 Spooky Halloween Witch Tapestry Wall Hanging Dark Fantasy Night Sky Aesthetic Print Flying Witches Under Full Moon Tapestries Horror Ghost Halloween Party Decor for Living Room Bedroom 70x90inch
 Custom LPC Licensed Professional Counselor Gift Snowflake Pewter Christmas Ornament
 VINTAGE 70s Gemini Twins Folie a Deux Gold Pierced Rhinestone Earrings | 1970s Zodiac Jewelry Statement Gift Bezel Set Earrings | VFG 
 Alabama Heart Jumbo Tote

------------------------------

*What you will do*. Would you please copy the lines above, from the one holding "Custom LPC Licensed" through the last, and nothing else?

*Expected answer*.
 Custom LPC Licensed Professional Counselor Gift Snowflake Pewter Christmas Ornament
 VINTAGE 70s Gemini Twins Folie a Deux Gold Pierced Rhinestone Earrings | 1970s Zodiac Jewelry Statement Gift Bezel Set Earrings | VFG 
 Alabama Heart Jumbo Tote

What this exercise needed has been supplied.